Creativity is a novel response to a task that is useful, appropriate, and/or valuable. Creativity presents itself at several levels, and almost anyone can be creative.
Two children are asked to draw a cat. Which one of the drawings is more creative?
Is it the one of the left, because that one more closely resembles a cat, while the one on the right is just a scribble? Or, is it the one on the right because it depicts a cat in an abstract and novel way, while the one on the left just includes some standard features of a cat (complete with the ‘meow’)? How does technique fit into determining creativity? In the drawing on the left, our young artist has left several of the lines unfinished, the whiskers are misaligned, and one ear is fully attached to the head. The drawing on the right, however, is composed of two continuous and relatively smooth lines.
In determining which drawing is more creative, there may also be an aesthetic value involved: Which drawing would you rather hang on your fridge? Personal considerations may include which drawing you might expect or want from your niece or nephew. Each of these considerations plays a role in determining whether something is creative. Creativity, then, is a novel response to a task that is useful, appropriate, and/or valuable.
Four-C Model of Creativity
A 3-year-old’s unrecognizable imitation of a radio song, a song written by an unknown amateur guitarist, ‘Bohemian Rhapsody’ by Queen, and Ninth Symphony by Beethoven are all creative works. But, if you try to compare them, it might be hard to define them all as creative pieces. After all, what is an amateur guitarist’s work when compared to a legendary composer’s magnum opus? Of course, such a comparison can not only be really discouraging to the guitarist, but also really unfair.
After all, Jimi Hendrix was once an unknown amateur, and even a really talented 3-year-old is not going to be producing Beethoven-caliber work at that age (Mozart didn’t)!These artists represent one of four levels of creativity through which producers pass (respectively), including:
- Mini-c creativity, or personal insights
- Little-c creativity, or interpersonal insights
- Pro-c creativity, or professional contributions
- Big-C creativity, or world-changing contributions
Big-C creativity is a distinction that is usually awarded posthumously and refers to the creative works that have become legendary and had a world-wide, lasting impact. Usually, it is hard to tell in advance which works will have those effects, so identifying them as forms of Big-C creativity usually has to wait until history unfolds a bit.
Debunking Common Myths
There are many myths about creativity, such as creativity and mental illness go hand-in-hand.
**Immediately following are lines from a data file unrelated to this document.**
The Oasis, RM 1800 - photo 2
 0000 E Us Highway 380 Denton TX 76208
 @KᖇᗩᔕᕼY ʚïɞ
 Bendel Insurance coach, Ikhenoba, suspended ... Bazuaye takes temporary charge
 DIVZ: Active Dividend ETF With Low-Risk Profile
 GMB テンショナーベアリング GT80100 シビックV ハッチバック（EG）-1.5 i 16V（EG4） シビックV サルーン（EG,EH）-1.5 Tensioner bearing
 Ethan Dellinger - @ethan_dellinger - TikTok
Decades of research by scientists, like Ruth Richards, R. Keith Sawyer, and Dean Keith Simonton, have shown that the majority of extremely creative people do not have any mental illness. Since psychopathology can interfere with how well someone can determine what is novel, useful, and appropriate (or the three bases of creativity), it makes sense that most highly creative people have no mental illness.Another common myth is that not everyone can be creative.
While most people are unlike to become a Beethoven, they all have mini-c and little-c creativity experiences almost every day! Many people also produce creative works professionally, making them Pro-C creative types. With all of us having so much potential, the question is not whether you will be creative, but how creative you will be!
Creativity is a novel response to a task that is useful, appropriate, and/or valuable. It can take the form of mini-c creativity, or personal insights; little-c creativity, the little insights shared between people; Pro-c creativity, or professional contributions; and Big-C creativity, which leads to world-changing contributions. Some people mistakenly believe that there is a relationship between creativity and mental illness and only a select few can be creative, however, most highly-creative people have no pathology, and almost anyone can be creative – even you!